Interrupting urlopen in Python

Overview

While the Python ecosystem is replete with libraries for fetching data over the web, none of them give you an easy way to interrupt requests before the queried server has returned the response headers. As more often than not servers will only output response headers once they have the full response at hand, this does not make it possible to release resources early.

Let's say I want to get a resource from a web server. This resource is not static, and takes a long time to generate - several seconds. It is possible that within those few seconds I decide I do not want the resource any more. To ease the load on the web server, I want to close the connection - I know the server will detect this and stop it's work.

As is often the case, this web server doesn't output anything (including response headers) until it has the full response at hand. Unfortunately, while most Python libraries for fetching web content allow us to split the work in multiple calls (send request, read data, close request) the initial send request typically does not return until the response headers are available. This is the case for urlopen, httplib and, as far as I call tell, request

Sending a request

In fact the highest level library that will allow us to do this is socket. This means we are going to build the HTTP request ourselves - this is straightforward, though for more complicated cases httplib might be useful. The following method will build an HTTP GET request:

from urlparse import urlparse
def http_request(url):
    url_p = urlparse(url)
    if url_p.path:
      path = url_p.path
    else:
      path = '/'
    if url_p.query:
      path = path + '?' + url_p.query
    request = [
        "GET {} HTTP/1.1".format(path),
        "Host: {}".format(url_p.netloc),
        "Connection: close",
        "User-Agent: here-be-dragrons/0.1"
    ]
    return "\r\n".join(request) + "\r\n\r\n"
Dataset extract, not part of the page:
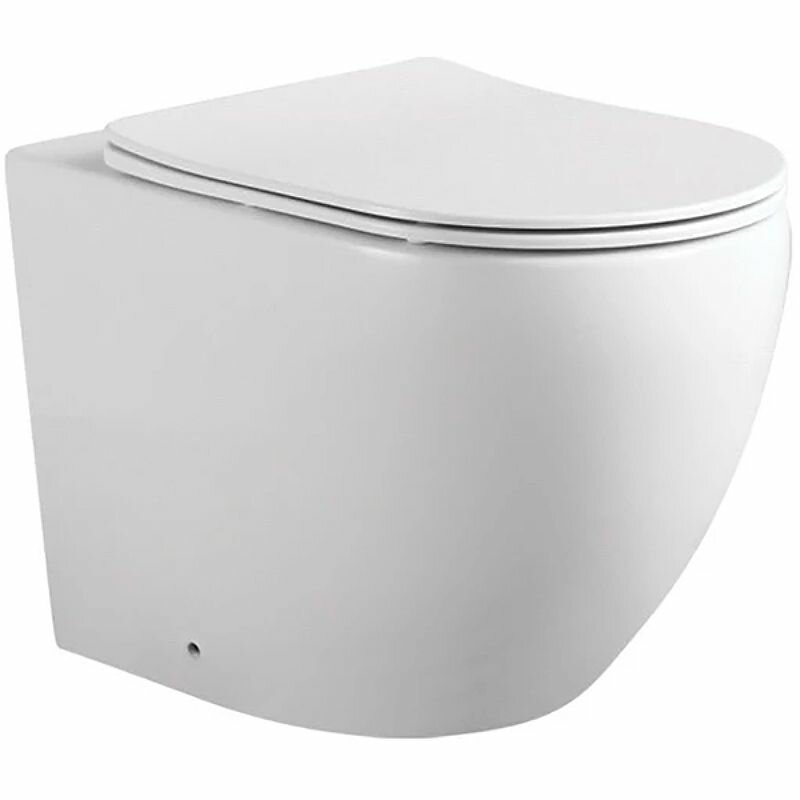 фото Унитаз приставной напольный Aquatek Европа AQ1902-00 с сиденьем микролифт безободковый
Note that the request must end with an empty line, and that the line separator should be "\r\n". You can add more headers there as needed, though those are sufficient.

Now that we have a request string, we need to send it. Using the socket library this is straightforward:

import socket
def send_request(url):
    url_p = urlparse(url)
    if ':' in url_p.netloc:
      (host, port) = url_p.netloc.split(':')
    else:
      host = url_p.netloc
      port = 80

    sock = socket.socket(socket.AF_INET, socket.SOCK_STREAM)
    try:
        sock.connect((host, int(port))
        sock.sendall(http_request(url))
    except Exception as e:
        sock.close()
        raise e

And that's it, the request has been send. To check whether the reply has arrived we can use the select library:

import socket

def wait_for_request(sock, test_interrupt, sleep_time=0.1)
    rl = []
    while (len(rl) == 0):
       test_interrupt()
       rl, wl, xl = select.select([self._sock], [], [], sleep_time)

test_interrupt is a function which will raise an exception should the query be interrupted. The caller should make sure to close the socket properly when this happens.

Reading the result

Once the data is ready, we can read it with socket.recv. This however means we would have to parse the HTTP request ourselves. Depending on which server we are contacting, this is a bit more difficult than generating the HTTP query was. Instead of parsing it ourselves, we can us httplib.HTTPResponse. While the documentation suggests this class is not instantiated directly by the user, it doesn't say we shouldn't - the class' definition is documented and, lo and behold, the first argument to that is a socket. Using this reading the server response is easy:

from httplib import HTTPResponse
def read_response(sock):
  r = HTTPResponse(sock)
  try:
    r.begin()
    status = r.status
    body = r.read()
  finally:
    r.close() # Note that this does not close the socket.
  return (status, body)

That's all - we can now get the response status code and the response body. A complete example using the various functions we've implemented:

class GiveUp(Exception):
  pass

def test_interrupt():
    if event_has_happened():
      raise GiveUp()

sock = send_request('http://example.com/big-data-please?quantity=lots')
try:
    wait_for_request(sock, test_interrupt)
    (status, body) = read_response(sock)
    print "We got response code " + str(status) + " and body " + str(body)
finally:
    sock.close()

Conclusion

Python libraries are not always the best when it come to this kind of low-level optimization but with a bit of effort it is usually possible to achieve what we want.